WHAT TO PRODUCE
Please print the listing that follows word for word, but skip any pictures it holds.

EXERCISE DATA
####

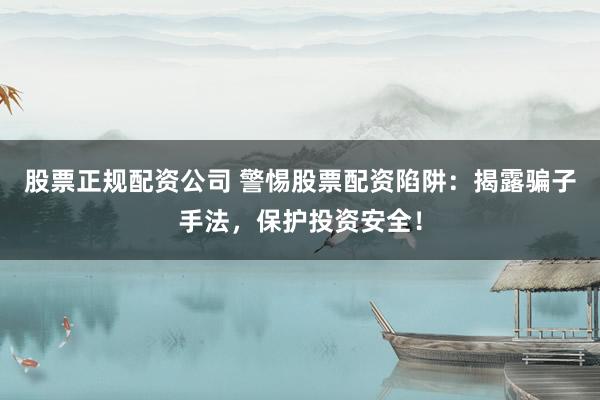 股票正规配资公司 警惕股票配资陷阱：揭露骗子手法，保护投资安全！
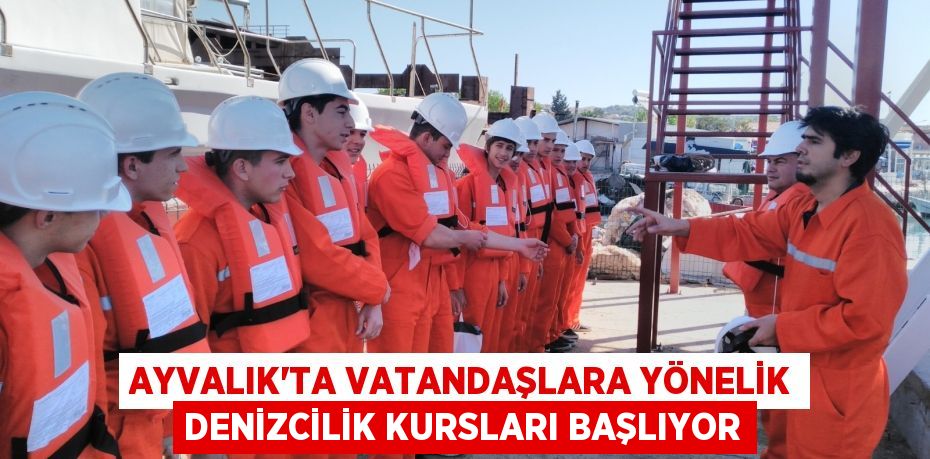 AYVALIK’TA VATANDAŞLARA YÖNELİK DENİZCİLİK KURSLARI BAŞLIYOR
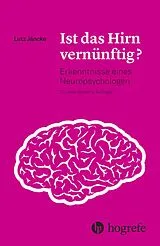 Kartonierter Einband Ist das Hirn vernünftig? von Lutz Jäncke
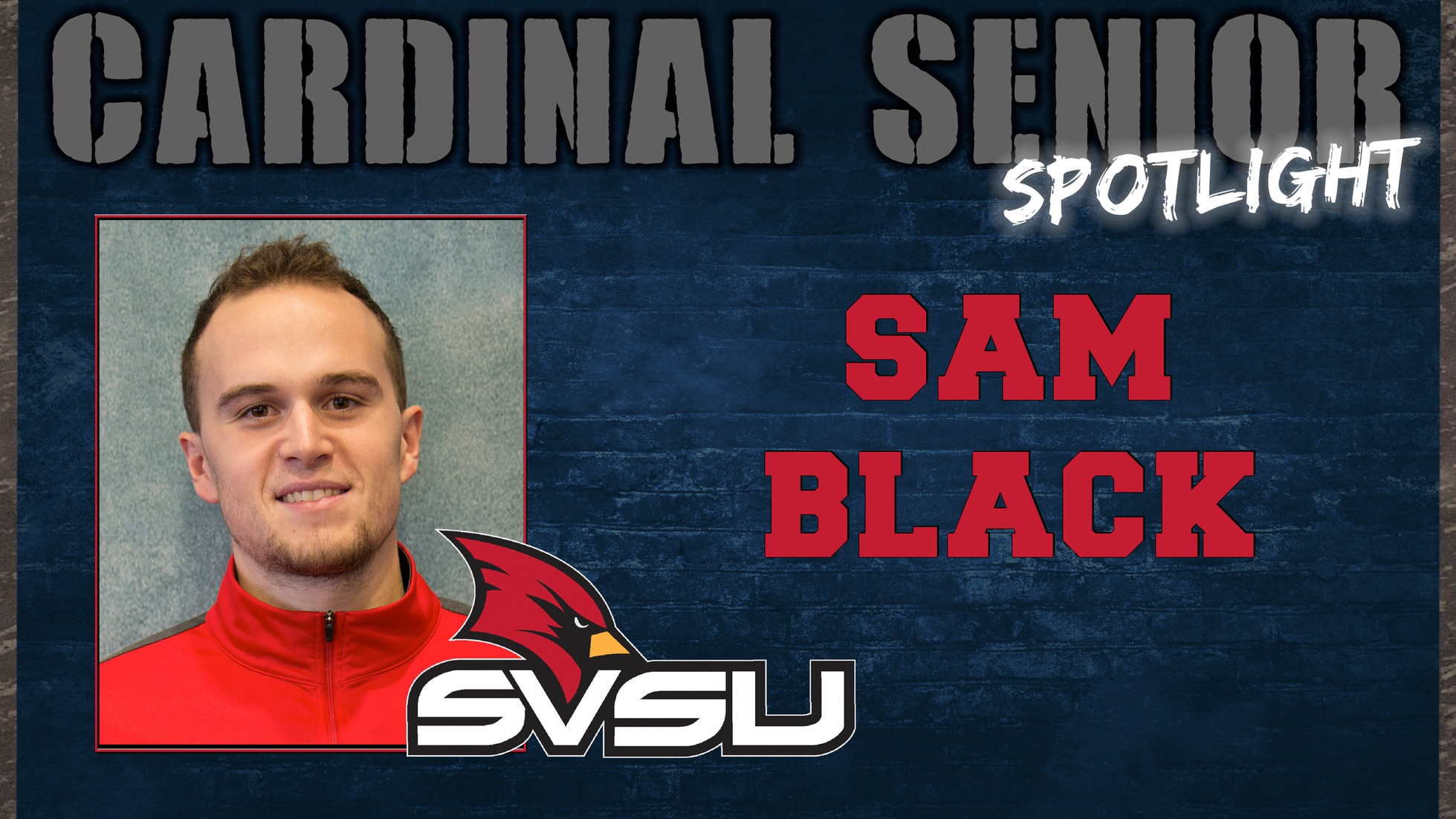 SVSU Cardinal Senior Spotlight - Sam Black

####

RESPONSE TO THE TASK
 股票正规配资公司 警惕股票配资陷阱：揭露骗子手法，保护投资安全！
 AYVALIK’TA VATANDAŞLARA YÖNELİK DENİZCİLİK KURSLARI BAŞLIYOR
 Kartonierter Einband Ist das Hirn vernünftig? von Lutz Jäncke
 SVSU Cardinal Senior Spotlight - Sam Black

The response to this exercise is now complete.